Странник посмотрел на купца с жалостью. Печально вздохнул и про себя добавил. — Ничего не меняется в этом городе... Ни в прошлом, ни в будущем!
Глава 9.
— Настенька, Солнышко... — тетка Матрена предложила уговоры, хотя давно не надеялась на положительный ответ. — Покушала бы... Оладушки испекли сегодня, такие вкусные — превкусные. Румяные, золотистые, прямо с пыла, с жару. Пальчики оближешь!
— Не буду!
— А хочешь, коврижечку принесу мягкую, медовую или яблочко румяное, наливное, аль сливу вареную, а могет орехов?
— Не хочется, — воспитанница надула губы и отвернулась в сторону от ароматных угощений.
— Голубушка, утешься — ну, хоть отвару клюквенного испей, — ещё одна попытка уговорить... А вдруг получиться? — Кисленький... Прохладный... Розовенький... Аппетиту придает.
— Не надо, — юная затворница громко шмыгнула носом, сдерживая слезы.
— А чаю со "свежай" смородой? От душистого чая душенька распарится, по косточкам сладость пойдет...
— Нет, — вредина надула щеки.
— Ох, что за наказание следить за тобой? — женщина тяжело вздохнула. — Чует мое сердце, что невесела ты стала в последние дни. Скажи мне, голубка, какая печаль гнетёт тебя?
Матрена привстала со скамьи укрытой небольшим расписным ковром. Чувственно заломила руки. — Золотце, посмотри на себя? Одни кости да кожа... Кто тебя такую замуж возьмет? Мужики ноне — они же, кабыляки такие, молодушек любят справных, да ладных. Чтобы кровь играла с молоком... Чтобы всего было в достатке у барышни. А у тебя, что? Совсем ведь извелась — одни глазища! Дикие — как у кошки! Чувствую, нормальный жених намучается с тобой. Она для убедительности и доходчивости своих слов развязала и снова завязала узел на платке. Поправила волосы на голове. Передвинула с места на место чашку.

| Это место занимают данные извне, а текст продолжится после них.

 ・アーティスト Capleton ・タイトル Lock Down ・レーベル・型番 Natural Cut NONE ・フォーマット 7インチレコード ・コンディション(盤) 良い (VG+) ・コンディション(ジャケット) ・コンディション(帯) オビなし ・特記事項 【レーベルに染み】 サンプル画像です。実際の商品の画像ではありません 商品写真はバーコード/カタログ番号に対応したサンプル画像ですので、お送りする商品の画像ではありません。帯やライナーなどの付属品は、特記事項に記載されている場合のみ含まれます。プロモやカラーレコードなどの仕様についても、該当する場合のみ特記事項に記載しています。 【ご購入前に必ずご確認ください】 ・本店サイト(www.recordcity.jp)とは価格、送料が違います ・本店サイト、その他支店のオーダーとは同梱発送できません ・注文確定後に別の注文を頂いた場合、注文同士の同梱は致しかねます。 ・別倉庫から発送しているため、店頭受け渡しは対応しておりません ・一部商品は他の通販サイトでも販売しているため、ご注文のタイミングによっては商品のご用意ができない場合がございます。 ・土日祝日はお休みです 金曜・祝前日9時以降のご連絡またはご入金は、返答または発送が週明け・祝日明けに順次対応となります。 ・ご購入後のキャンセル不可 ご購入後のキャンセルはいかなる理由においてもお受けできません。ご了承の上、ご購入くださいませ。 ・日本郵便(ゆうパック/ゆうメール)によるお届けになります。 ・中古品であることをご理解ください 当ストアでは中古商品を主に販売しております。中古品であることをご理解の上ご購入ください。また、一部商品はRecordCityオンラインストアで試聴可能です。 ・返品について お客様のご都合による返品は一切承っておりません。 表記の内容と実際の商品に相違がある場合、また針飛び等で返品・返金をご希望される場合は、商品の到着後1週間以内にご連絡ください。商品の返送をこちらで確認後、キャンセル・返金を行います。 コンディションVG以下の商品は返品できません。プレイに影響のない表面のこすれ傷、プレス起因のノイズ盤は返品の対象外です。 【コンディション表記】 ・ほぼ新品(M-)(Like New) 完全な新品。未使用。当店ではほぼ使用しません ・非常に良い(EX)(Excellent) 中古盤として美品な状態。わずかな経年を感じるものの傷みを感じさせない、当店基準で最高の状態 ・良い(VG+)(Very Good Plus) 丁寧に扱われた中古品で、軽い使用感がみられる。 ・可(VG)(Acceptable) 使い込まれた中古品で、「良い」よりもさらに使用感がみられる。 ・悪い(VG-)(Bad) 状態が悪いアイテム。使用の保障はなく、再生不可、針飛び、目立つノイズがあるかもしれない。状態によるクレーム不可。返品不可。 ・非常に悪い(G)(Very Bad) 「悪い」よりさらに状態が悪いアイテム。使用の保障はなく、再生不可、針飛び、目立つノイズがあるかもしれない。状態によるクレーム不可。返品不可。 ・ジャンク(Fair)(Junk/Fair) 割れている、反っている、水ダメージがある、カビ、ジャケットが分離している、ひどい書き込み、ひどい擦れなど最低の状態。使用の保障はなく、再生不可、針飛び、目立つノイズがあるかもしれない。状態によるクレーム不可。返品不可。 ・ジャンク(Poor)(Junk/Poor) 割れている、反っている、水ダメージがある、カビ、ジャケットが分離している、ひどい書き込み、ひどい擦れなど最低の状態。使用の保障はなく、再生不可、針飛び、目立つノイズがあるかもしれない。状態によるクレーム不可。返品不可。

— Ахти, мои батюшки! — воспитательница не прекращает попыток наставить на путь истины заблудшую молодую душу. — Ведь в гроб, краше кладут! Упадешь где-нибудь посередине дороги... И собаки стороной обходить будут! Да, что я тебе говорю? Сама понимать должна! Не маленькая, чай, уже?
— А я замуж и не собираюсь, — тяжелый вздох со стороны страдалицы и снова шмыганье носом. — И, вообще! — Настя прикусила губу и решительно заморгала длинными ресницами. — Я... Я в монастырь уйду.
— Как же? В монастырь она уйдет! — Матрена удивленно повысила голос. Да кто же тебя такую туда возьмет?
— Ещё как возьмут! — мученица сомкнула кисти. Прижала руки к груди. Засопела носом. — Туда, всех берут!
— Мати, пресвятая богородица! — наставница всплеснув руками, вновь поправила волосы под платком. Недовольно покачалась на стуле. Строго свела брови. Бросила взгляд на серебряную лампаду горевшую в углу, пред старинным образом Спаса Нерукотворенного.— Да вижу я, какой монастырь у тебя на уме! Третий день, сама не своя ходишь, из-за этого монастыря!
Напряженная чайная пауза с вздохами и хлюпаньем "смородового" чая с одной стороны и ответными вздохами и шмыганьем носом с другой. Где-то прожужжала муха, нарушая идиллию спокойной обстановки в горнице.
— Ладушка, пошла бы в саду погуляла... Итить, грусть, тоску бы развеяла... — новая попытка Матрены достучаться до сознания кручинницы. — С утра от Полины служанка прибегала. Про тебя спрашивала. В гости звала.